The sub-transition matrix \mathbf{T} plays the role of \mathbf{S} in the continuous case, but entries are probabilities rather than rates. The exit probability t_i = 1 - \sum_j T_{ij} is the probability of absorbing from state i at the next step.

Example

A geometric distribution \operatorname{Geo}(1-q) (number of trials until the first success) is \operatorname{DPH}_1((1), (q)) with \mathbf{T} = (q) and \mathbf{t} = (1-q).

Definition 2.8 (PMF and moments of DPH) Let \tau \sim \operatorname{DPH}_p(\boldsymbol{\alpha}, \mathbf{T}). The probability mass function is

\Pr(\tau = k) = \boldsymbol{\alpha} \mathbf{T}^{k-1} \mathbf{t}, \quad k = 1, 2, \ldots \tag{2.6}

The first moment is

\mathbb{E}[\tau] = \boldsymbol{\alpha}(\mathbf{I} - \mathbf{T})^{-1}\mathbf{e}. \tag{2.7}

More generally, the n-th factorial moment is \mathbb{E}[\tau(\tau-1)\cdots(\tau-n+1)] = n! \, \boldsymbol{\alpha} (\mathbf{I} - \mathbf{T})^{-n} \mathbf{T}^{n-1} \mathbf{e}.

Intuition

The PMF follows the same logic as the continuous PDF: \mathbf{T}^{k-1} propagates the initial distribution through k-1 steps among transient states, then \mathbf{t} extracts the absorption probability. The matrix (\mathbf{I} - \mathbf{T})^{-1} is the discrete analogue of the Green matrix \mathbf{U}.

Reward transformations

Reward-transformed phase-type distributions generalize the basic PH family by assigning non-negative rewards to transient states and measuring accumulated reward rather than raw time.
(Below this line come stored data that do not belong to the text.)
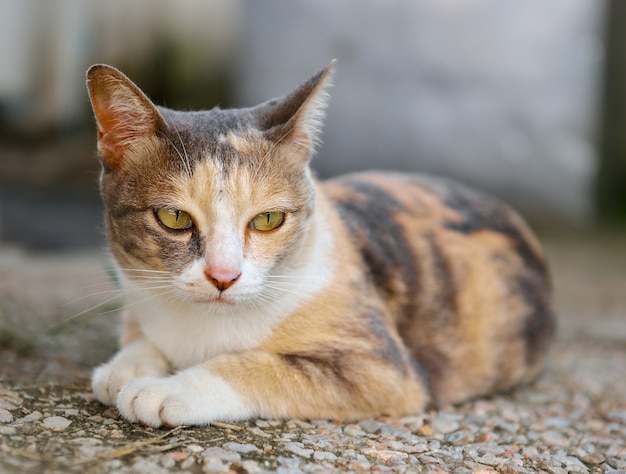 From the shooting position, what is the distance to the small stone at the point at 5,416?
7.05 feet

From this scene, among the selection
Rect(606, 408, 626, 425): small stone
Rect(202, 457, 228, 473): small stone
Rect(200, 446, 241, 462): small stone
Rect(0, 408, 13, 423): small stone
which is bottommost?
Rect(606, 408, 626, 425): small stone

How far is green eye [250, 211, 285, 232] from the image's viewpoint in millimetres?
2389

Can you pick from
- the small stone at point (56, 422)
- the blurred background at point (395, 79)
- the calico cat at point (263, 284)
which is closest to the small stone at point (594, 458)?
the calico cat at point (263, 284)

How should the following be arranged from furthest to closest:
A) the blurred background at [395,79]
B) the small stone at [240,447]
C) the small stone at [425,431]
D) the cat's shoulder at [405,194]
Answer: the blurred background at [395,79] < the cat's shoulder at [405,194] < the small stone at [425,431] < the small stone at [240,447]

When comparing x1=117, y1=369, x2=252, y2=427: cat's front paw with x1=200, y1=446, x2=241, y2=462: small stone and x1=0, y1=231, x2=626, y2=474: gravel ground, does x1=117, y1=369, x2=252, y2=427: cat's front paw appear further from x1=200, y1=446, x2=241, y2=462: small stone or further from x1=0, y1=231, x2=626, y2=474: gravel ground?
x1=200, y1=446, x2=241, y2=462: small stone

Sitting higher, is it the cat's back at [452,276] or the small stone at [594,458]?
the cat's back at [452,276]

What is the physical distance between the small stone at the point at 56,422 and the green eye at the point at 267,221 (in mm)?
843

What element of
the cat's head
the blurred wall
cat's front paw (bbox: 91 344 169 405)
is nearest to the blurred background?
the blurred wall

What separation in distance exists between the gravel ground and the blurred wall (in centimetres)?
438

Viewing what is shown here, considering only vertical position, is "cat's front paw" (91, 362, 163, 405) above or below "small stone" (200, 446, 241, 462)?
above

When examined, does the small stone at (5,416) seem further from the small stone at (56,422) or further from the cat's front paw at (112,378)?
the cat's front paw at (112,378)

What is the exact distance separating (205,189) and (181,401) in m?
0.67

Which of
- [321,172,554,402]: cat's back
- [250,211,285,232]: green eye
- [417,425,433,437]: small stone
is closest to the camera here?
[250,211,285,232]: green eye

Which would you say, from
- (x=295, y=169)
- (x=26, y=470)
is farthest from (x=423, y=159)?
(x=26, y=470) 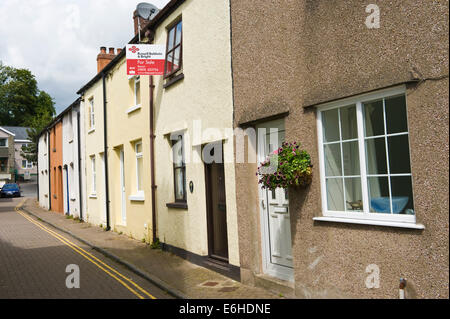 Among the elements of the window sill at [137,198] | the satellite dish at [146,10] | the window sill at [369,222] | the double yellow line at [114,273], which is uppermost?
the satellite dish at [146,10]

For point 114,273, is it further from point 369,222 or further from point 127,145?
point 369,222

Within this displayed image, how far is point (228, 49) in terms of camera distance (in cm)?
766

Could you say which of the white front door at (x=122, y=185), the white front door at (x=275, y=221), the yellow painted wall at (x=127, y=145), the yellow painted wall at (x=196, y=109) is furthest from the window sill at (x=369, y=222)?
the white front door at (x=122, y=185)

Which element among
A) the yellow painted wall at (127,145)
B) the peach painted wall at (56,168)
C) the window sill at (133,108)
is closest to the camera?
the yellow painted wall at (127,145)

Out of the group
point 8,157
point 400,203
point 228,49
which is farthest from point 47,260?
point 8,157

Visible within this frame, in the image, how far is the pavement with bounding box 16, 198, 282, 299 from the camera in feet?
21.8

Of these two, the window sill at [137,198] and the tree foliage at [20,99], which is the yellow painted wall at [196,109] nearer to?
the window sill at [137,198]

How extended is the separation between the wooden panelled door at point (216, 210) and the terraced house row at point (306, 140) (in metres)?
0.03

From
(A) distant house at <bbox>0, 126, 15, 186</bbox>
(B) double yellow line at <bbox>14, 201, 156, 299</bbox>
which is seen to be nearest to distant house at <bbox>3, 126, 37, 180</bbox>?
(A) distant house at <bbox>0, 126, 15, 186</bbox>

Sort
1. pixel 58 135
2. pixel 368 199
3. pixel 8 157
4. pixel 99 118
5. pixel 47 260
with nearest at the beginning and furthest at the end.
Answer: pixel 368 199, pixel 47 260, pixel 99 118, pixel 58 135, pixel 8 157

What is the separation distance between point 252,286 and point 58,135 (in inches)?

Definition 2.9 (Reward-transformed CPH) Let \tau \sim \operatorname{PH}_p(\boldsymbol{\alpha}, \mathbf{S}) and let \mathbf{r} = (r_1, \ldots, r_p)^\top be a reward vector with r_i \geq 0 for all i. Let \triangle(\mathbf{r}) denote the p \times p diagonal matrix with \mathbf{r} on the diagonal. The reward-transformed random variable is

\tilde{\tau} = \int_0^{\tau} r(X_t) \, dt, \tag{2.8}

where r(X_t) = r_i when X_t = i. If all rewards are strictly positive (r_i > 0 for all i), then \tilde{\tau} is itself phase-type distributed (Bladt and Nielsen 2017):

\tilde{\tau} \sim \operatorname{PH}_p(\boldsymbol{\alpha}, \triangle(\mathbf{r})^{-1}\mathbf{S}). \tag{2.9}

The moments of the reward-transformed distribution are

\mathbb{E}[\tilde{\tau}^n] = n! \, \boldsymbol{\alpha} \left( (-\mathbf{S})^{-1} \triangle(\mathbf{r}) \right)^n \mathbf{e} = n! \, \boldsymbol{\alpha} \left( \mathbf{U} \triangle(\mathbf{r}) \right)^n \mathbf{e}. \tag{2.10}

Intuition

A reward of r_i assigned to state i means that while the process occupies state i, reward accumulates at rate r_i per unit time. The total accumulated reward until absorption generalizes the absorption time (which corresponds to all rewards equal to 1). The closure property (Equation 2.9) is fundamental: the class of phase-type distributions is closed under positive reward transformation. The transformed sub-intensity matrix \triangle(\mathbf{r})^{-1}\mathbf{S} rescales the rates in each state by the inverse of the reward.

Example

Let \tau \sim \operatorname{Exp}(\lambda) (a single transient state with rate \lambda) and r_1 = c > 0. Then \tilde{\tau} = c \cdot \tau \sim \operatorname{Exp}(\lambda/c), which is \operatorname{PH}_1((1), (-\lambda/c)). This is the standard scaling property of the exponential distribution.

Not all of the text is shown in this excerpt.